* _TASK TO CARRY OUT_: Please say how many lines in the material include the string "Schwarz", and nothing else.

* _PROVIDED DATA_:
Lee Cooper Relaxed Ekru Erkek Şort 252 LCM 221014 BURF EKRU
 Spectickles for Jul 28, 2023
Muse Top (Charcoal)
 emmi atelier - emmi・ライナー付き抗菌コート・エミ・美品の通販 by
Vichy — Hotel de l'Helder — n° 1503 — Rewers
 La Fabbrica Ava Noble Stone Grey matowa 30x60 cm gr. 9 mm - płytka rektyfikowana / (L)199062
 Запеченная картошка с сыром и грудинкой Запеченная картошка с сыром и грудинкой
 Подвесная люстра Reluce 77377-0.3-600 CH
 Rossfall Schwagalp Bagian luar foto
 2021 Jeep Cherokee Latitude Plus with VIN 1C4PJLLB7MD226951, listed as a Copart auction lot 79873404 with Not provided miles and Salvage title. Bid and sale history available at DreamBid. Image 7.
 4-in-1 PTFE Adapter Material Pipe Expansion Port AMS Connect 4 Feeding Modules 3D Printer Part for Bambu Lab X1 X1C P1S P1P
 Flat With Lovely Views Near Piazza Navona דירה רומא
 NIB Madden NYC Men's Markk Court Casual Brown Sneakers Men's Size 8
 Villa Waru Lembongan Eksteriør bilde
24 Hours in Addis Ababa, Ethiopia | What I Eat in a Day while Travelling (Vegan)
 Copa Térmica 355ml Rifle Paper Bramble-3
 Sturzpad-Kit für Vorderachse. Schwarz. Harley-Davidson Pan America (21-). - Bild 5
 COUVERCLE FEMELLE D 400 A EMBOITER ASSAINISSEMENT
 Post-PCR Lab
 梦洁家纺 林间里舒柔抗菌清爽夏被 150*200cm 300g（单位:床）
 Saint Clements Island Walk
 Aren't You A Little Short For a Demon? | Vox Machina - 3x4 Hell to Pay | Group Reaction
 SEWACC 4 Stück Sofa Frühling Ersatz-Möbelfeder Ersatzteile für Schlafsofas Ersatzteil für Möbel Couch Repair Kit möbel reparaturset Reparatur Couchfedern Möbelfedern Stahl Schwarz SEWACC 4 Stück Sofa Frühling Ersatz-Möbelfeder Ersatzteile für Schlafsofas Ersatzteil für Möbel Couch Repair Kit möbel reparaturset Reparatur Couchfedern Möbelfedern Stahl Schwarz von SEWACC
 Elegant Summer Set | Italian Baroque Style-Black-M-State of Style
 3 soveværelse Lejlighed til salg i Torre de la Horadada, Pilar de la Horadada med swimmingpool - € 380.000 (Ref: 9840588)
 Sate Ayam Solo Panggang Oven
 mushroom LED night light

* _EXERCISE RESULT_: 2